È morto il 17 aprile Sergio Fantoni, uno dei grandi della scena italiana tra Cinecittà e Hollywood: attore di teatro, cinema e tv, regista e doppiatore. Aveva 89 anni. Una carriera durata mezzo secolo che l’ha visto sui set dei più grandi, da Luchino Visconti a Blake Edwards, anche se la popolarità la deve agli sceneggiati degli anni Settanta e Ottanta come Anna Karenina, La Piovra e La coscienza di Zeno. Il suo ultimo ruolo tv è stato nel Commissario Montalbano di Sironi.
Nato a Roma, il 7 agosto 1930, da una famiglia di artisti, Fantoni comincia con il cinema già sul finire dei Quaranta. E nel tempo arriva ai registi più prestigiosi: Luchino Visconti (Senso), Citto Maselli (I delfini, accanto a Claudia Cardinale), Roberto Rossellini (Era notte a Roma, Viva l’Italia), Giuliano Montaldo (Tiro al piccione e poi Sacco e Vanzetti), ma anche peplum come Esther e il re.
Nei Sessanta ha una parentesi holiwoodiana con partecipazioni a film come Intrigo a Stoccolma di Mark Robson e Il colonnello von Ryan accanto a Frank Sinatra, e poi Papà, ma che cosa hai fatto in guerra? di Blake Edwards. Recitò nel film di culto Il ventre dell’architetto di Peter Greenaway.

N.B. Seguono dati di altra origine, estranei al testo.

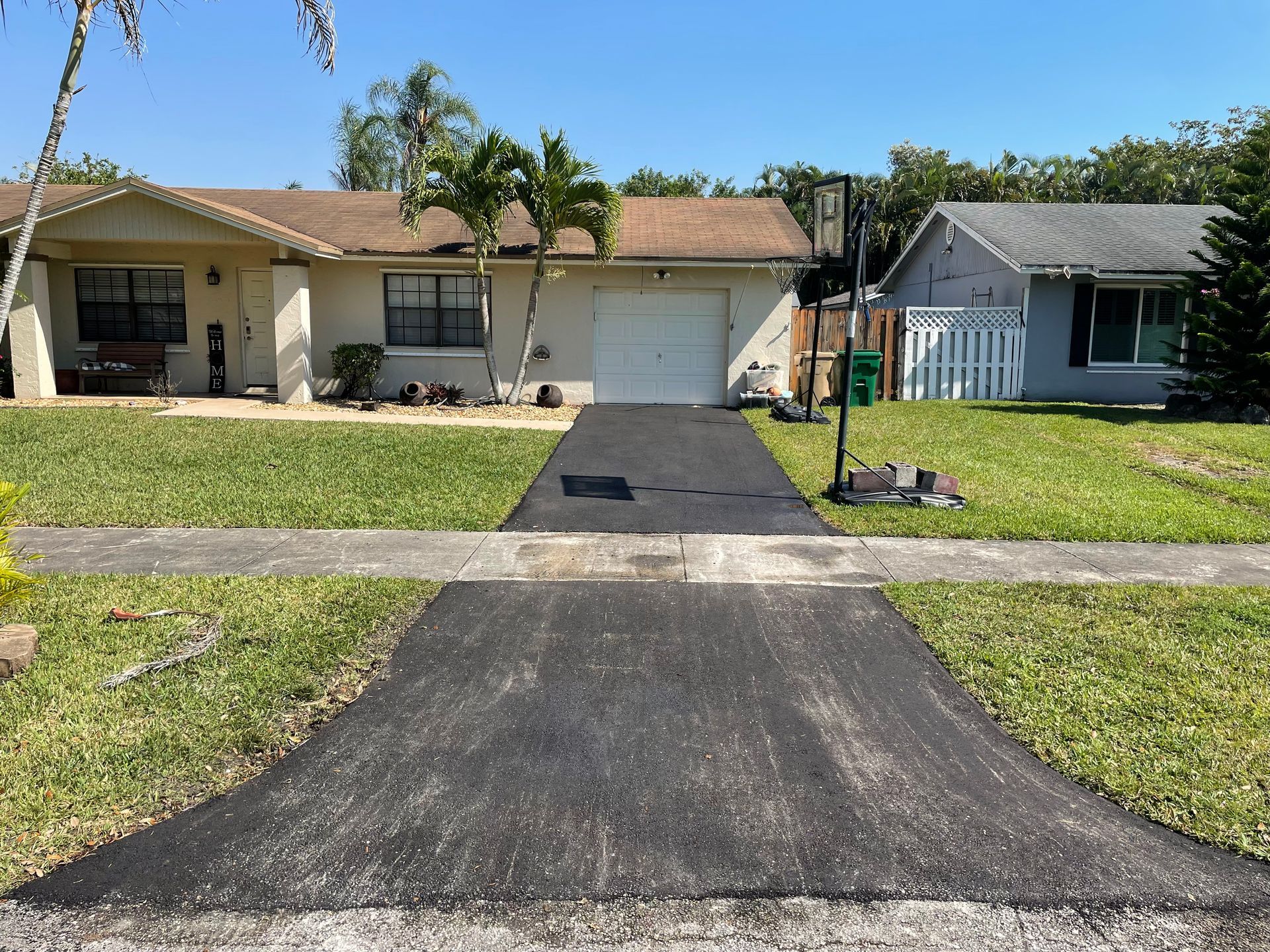 Newly paved black asphalt driveway leading to a beige house with a white garage door, set in a sunny, residential area.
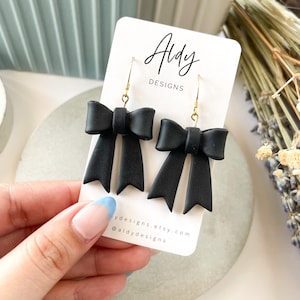 Puede incluir: Pendientes de lazo negro con ganchos dorados. Los pendientes están en una tarjeta blanca con el texto "Aldy Designs" y la dirección del sitio web "aldydesigns.etsy.com".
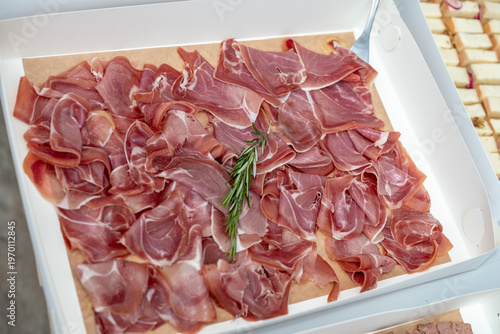 Cured Italian Prosciutto Ham with Rosemary Garnish in Catering Box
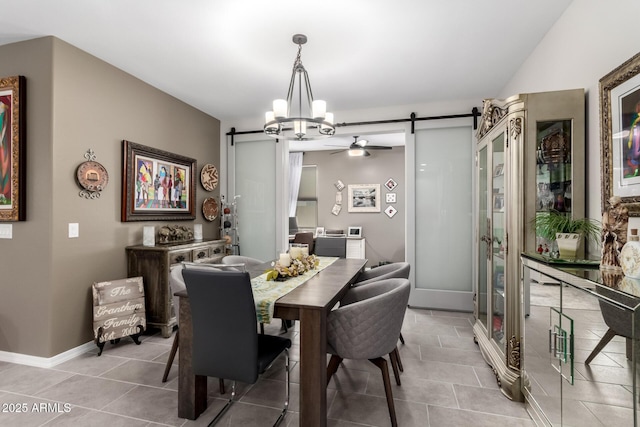 tiled dining area with a barn door and ceiling fan with notable chandelier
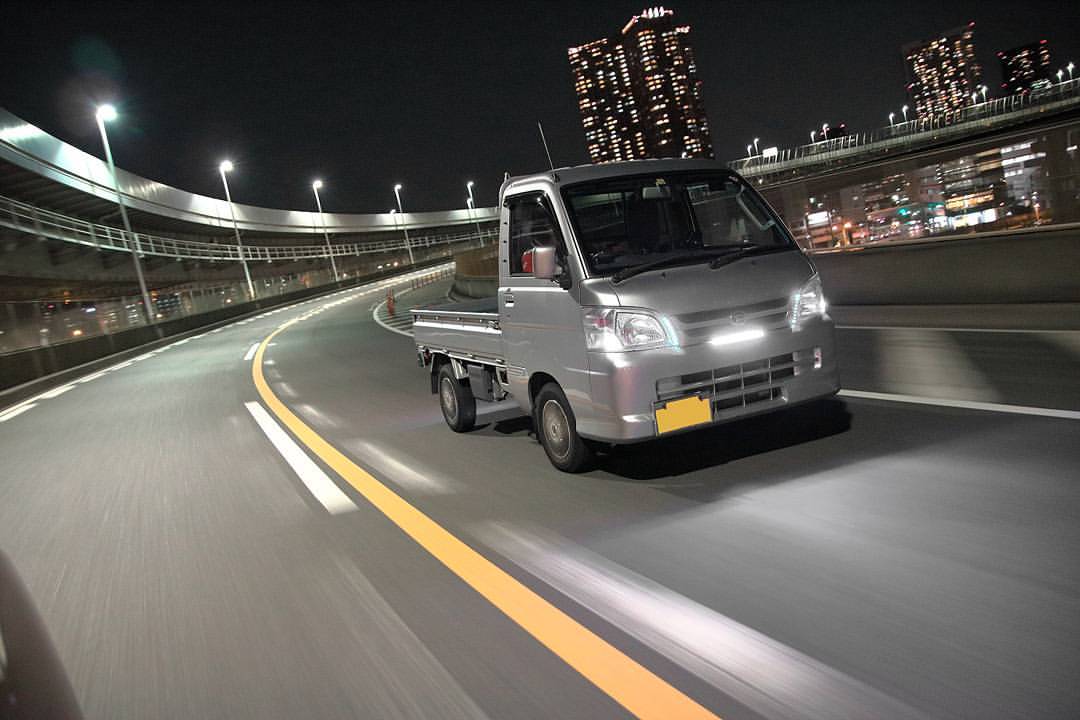 2010 Daihatsu Hijet S211P kei truck in silver with LED daytime running light bar, stock steel wheels, and lowered ride height cruising on a lit city highway at night under urban overpasses – modern Japanese mini truck.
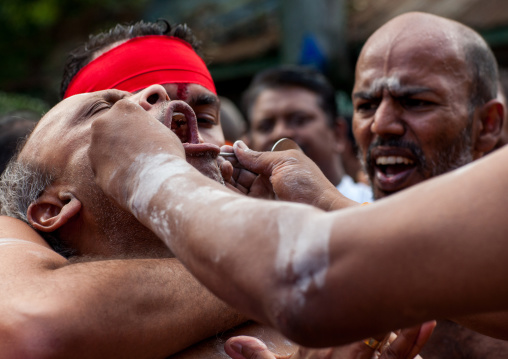 A Devotee Cheek Is Pierced With A Skewer By A Priest At Thaipusam Hindu Festival At Batu Caves, Southeast Asia, Kuala Lumpur, Malaysia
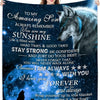 A dark blue blanket featuring a wolf silhouette and text encouraging strength and confidence for a son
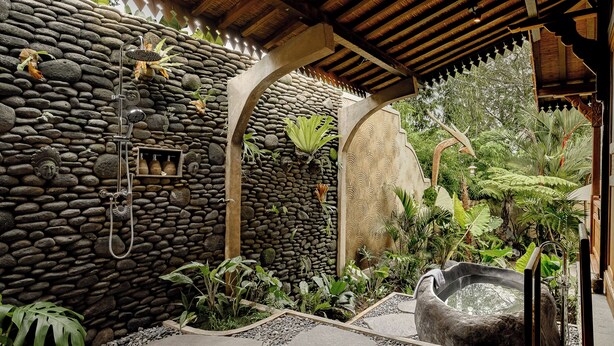A stone-walled spa area with a hot tub, shower, and various tropical plants. - Hidden Saren Villa Ubud (Ubud)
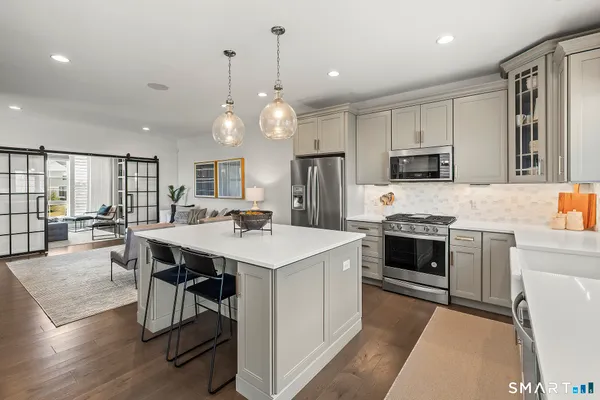 a kitchen with kitchen island a stove a table and chairs in it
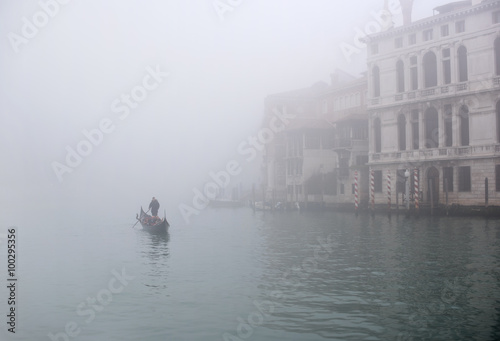 Lonely gondola in a fog, Venice
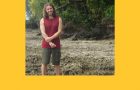 Smiling individual in field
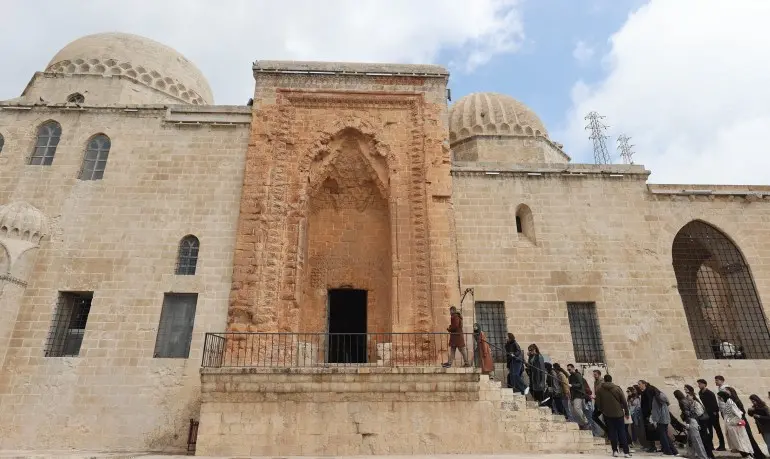 أُعيد افتتاح المدرسة القاسمية التاريخية في مدينة ماردين جنوب شرقي تركيا كمركز للتعليم، بعد انقطاع دام نحو قرن، وفق ما يظهر في لقطة جوية للبلدة القديمة. وتُعد المدرسة، التي خرّجت آلاف العلماء على مدى نحو 520 عامًا، من أبرز المعالم التعليمية في المنطقة، حيث تستضيف حاليًا دروسًا لمرحلتي البكالوريوس والدراسات العليا خمسة أيام في الأسبوع، داخل خمسة صفوف دراسية مخصصة لطلاب جامعة ماردين آرتقلو. ( Halil İbrahim Sincar - وكالة الأناضول )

Grande anche la sua passione per il teatro: ha frequentato compagnie sperimentali fino a creare negli anni ’70, insieme a Luca Ronconi e alla moglie Valentina Fortunato, una delle prime compagnie indipendenti. Proseguendo con Giancarlo Sbragia, Ivo Garrani, Luigi Vannucchi e Mattia Sbragia. Il suo repertorio teatrale è stato vasto e comprende titoli dei principali drammaturghi del XIX e XX secolo.
Fantoni è soprattutto volto popolare della Rai degli sceneggiati letterari, Oliver Cromwell: Ritratto di un dittatore, Con rabbia e con dolore, Lungo il fiume e sull’acqua, Anna Karenina, Il consigliere imperiale, La traccia verde, Diario di un giudice. In Delitto di stato, trasmesso da Rai2 nel 1982, per la regia di Gianfranco De Bosio, porta in scena sul piccolo schermo il primo nudo integrale frontale maschile della tv italiana.
Come doppiatore ha dato voce a star americane come Marlon Brando (in Apocalypse Now), Henry Fonda, Rock Hudson e Ben Kingsley.
Dopo un intervento alla laringe nel 1997 si è dedicato alla regia teatrale.